25 Spring 439/639 TSA: Lecture 15

Author

Dr Sergey Kushnarev

1 Method of Moments (MoM) for other models and other parameters

Recall that in MoM (or GMoM), we solve \[ \begin{split} \text{theoretical moment} &= \text{sample moment} \\ \text{or}\quad \text{theoretical ACF} &= \text{sample ACF} \end{split} \] where the theoretical moment \(\mu_k\), theoretical ACF \(\rho_k\) are functions of the parameters to estimate (like the \(\phi_i\), \(\theta_i\)), and the sample moment \(m_k\), sample ACF \(r_k\) are functions of the observed samples \((Y_1,...,Y_n)\).

1.1 MoM for MA(\(1\))

Last time we used MoM for AR(\(p\)). Let’s look at another example.

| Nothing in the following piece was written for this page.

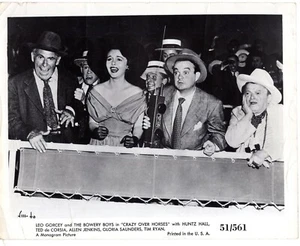 Bowery Boys Crazy Over Horses ~ Pista de carreras 1951 ORIGINAL 8x10 película foto fija - Imagen 1 de 2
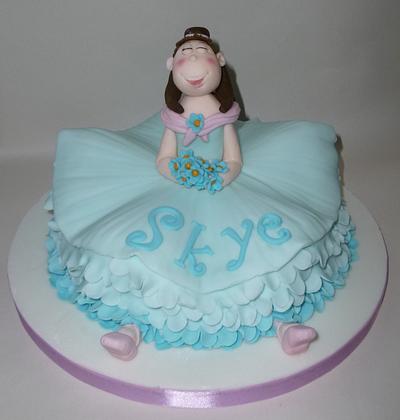 Ballerina - Cake by Nonie's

Suppose \(Y_1, \dots, Y_n\) are from an MA(\(1\)) model \[ Y_t = e_t - \theta\, e_{t-1}. \] Consider the GMoM method, we need to solve \[ \rho_1 = r_1 \implies -\frac{\theta}{1+\theta^2} = r_1 \implies r_1 \theta^2 + \theta + r_1 = 0. \] If \(r_1=0\), we get \(\widehat{\theta}_\text{MOM}=0\). If \(r_1\ne 0\), we get \[ \theta_{1,2} = \frac{ -1 \pm \sqrt{1 - 4r_1^2} }{2r_1} \] MoM estimator does not always exist. The theoretical ACF \(\rho_1\) for MA(\(1\)) always satisfy \(|\rho_1|\le \frac{1}{2}\), but the sample ACF may have \(|r_1| > \frac{1}{2}\). If \(|r_1| > \frac{1}{2}\) happens (which depends on the randomness in observations), then we cannot find the MoM estimator in this scenario (since the solutions above are not real).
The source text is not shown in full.